Here are some of our favorite:
Flux fine adjustment
Many of the amazing flux fine tune created last year was trained thanks to Ostrice’s AI-Toolkit.
Meet everything
Inspired by FOFR face -to -face, all face -to -face combined with virus instant ID model with additional control net depth constraints and fine -tuned SDXL lolas in the community, creative styling training -free and high quality. Create a portrait.
Flux style shape
Based on NATHAN SHIPLEY’s comfyui workflow, flux -style shaping combines flux (DEV) REDUX and FLUX (Dev) depth to combine style transfer and optical illusion creation.
Suspended by diffuser
Use Diffusers Image Outpaint Diffusers Stable Diffusion XL Fill Pipeline with SDXL Union Controlnet to seamlessly expand input images.
Live portrait, face pork
Adding imitation to static portraits was not easy in live portrait and face pork.
Trellis
Trellis is a 3D generation model for creating versatile and high quality 3D assets that inherited a large amount of 3D landscape.
IC Light
IC-LIGHT, which means “consistent light,” is a tool for learning in the foreground state.
What do you need to expect from 2025 AI & Art?
2025 is the year that open source is the year when video, movement, and audio models catch up, creating more modalities. With the efficient computing and quantization advances, you can expect a big leap in the open source video model. As you approach the (natural) plateau with an image generation model, you can focus on other tasks and modalities.
Strong start -Open source release on January 25
A series of open source music foundation models for the production of yue-full song.
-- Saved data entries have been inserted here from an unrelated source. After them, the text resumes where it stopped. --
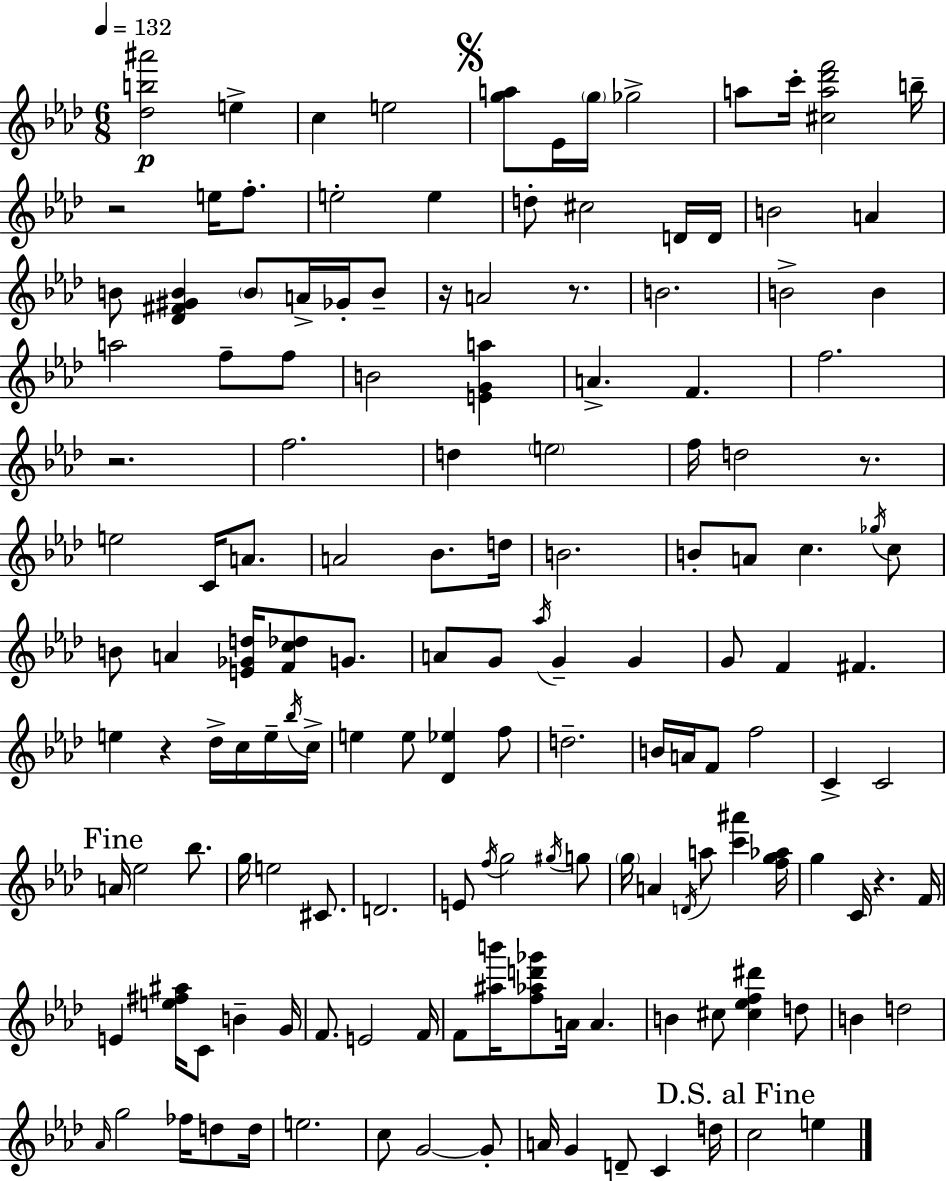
{
  \clef treble
  \numericTimeSignature
  \time 6/8
  \key aes \major
  \tempo 4 = 132
  <des'' b'' ais'''>2\p e''4-> | c''4 e''2 | \mark \markup { \musicglyph "scripts.segno" } <g'' a''>8 ees'16 \parenthesize g''16 ges''2-> | a''8 c'''16-. <cis'' a'' des''' f'''>2 b''16-- | \break r2 e''16 f''8.-. | e''2-. e''4 | d''8-. cis''2 d'16 d'16 | b'2 a'4 | \break b'8 <des' fis' gis' b'>4 \parenthesize b'8 a'16-> ges'16-. b'8-- | r16 a'2 r8. | b'2. | b'2-> b'4 | \break a''2 f''8-- f''8 | b'2 <e' g' a''>4 | a'4.-> f'4. | f''2. | \break r2. | f''2. | d''4 \parenthesize e''2 | f''16 d''2 r8. | \break e''2 c'16 a'8. | a'2 bes'8. d''16 | b'2. | b'8-. a'8 c''4. \acciaccatura { ges''16 } c''8 | \break b'8 a'4 <e' ges' d''>16 <f' c'' des''>8 g'8. | a'8 g'8 \acciaccatura { aes''16 } g'4-- g'4 | g'8 f'4 fis'4. | e''4 r4 des''16-> c''16 | \break e''16-- \acciaccatura { bes''16 } c''16-> e''4 e''8 <des' ees''>4 | f''8 d''2.-- | b'16 a'16 f'8 f''2 | c'4-> c'2 | \break \mark "Fine" a'16 ees''2 | bes''8. g''16 e''2 | cis'8. d'2. | e'8 \acciaccatura { f''16 } g''2 | \break \acciaccatura { gis''16 } g''8 \parenthesize g''16 a'4 \acciaccatura { d'16 } a''8 | <c''' ais'''>4 <f'' g'' aes''>16 g''4 c'16 r4. | f'16 e'4 <e'' fis'' ais''>16 c'8 | b'4-- g'16 f'8. e'2 | \break f'16 f'8 <ais'' b'''>16 <f'' aes'' d''' ges'''>8 a'16 | a'4. b'4 cis''8 | <cis'' ees'' f'' dis'''>4 d''8 b'4 d''2 | \grace { aes'16 } g''2 | \break fes''16 d''8 d''16 e''2. | c''8 g'2~~ | g'8-. a'16 g'4 | d'8-- c'4 d''16 \mark "D.S. al Fine" c''2 | \break e''4 \bar "|."
}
YUE is probably an open source model that is probably optimal for music generation (with apache 2.0 license!) And achieves the competition results of closed source models like SUNO.
Try and read more: Demonstration, model weight.
Hunyuan 3D -2, Spar3D, Diffsplat -3D generation model. The 3D model is hot to take over the 3D landscape shortly after the release of Trellis, Hunyuan 3D -2, Spar3D, and Diffsplat.
Try it and read more:
LUMINA -IMAGE 2.0 -Image model from text. Lumina is a 2B parameter model that competes with 8b Flux.1dev and Apache 2.0 license (!!).
Try and read more: Demonstration, model weight.
Comfyui-to-gradio- How to convert complex Comfyui workflow into an easy gradation application, and how to embrace this application in the face space. Please see here for free in the serverless method.
Newsletter announcement 🗞️
After kicking off on this blog, we (POLI & LINOY) will deliver the latest one in the world of creative AI. In such a rapid evolving space, it is difficult to always understand all new developments. That’s where we come in.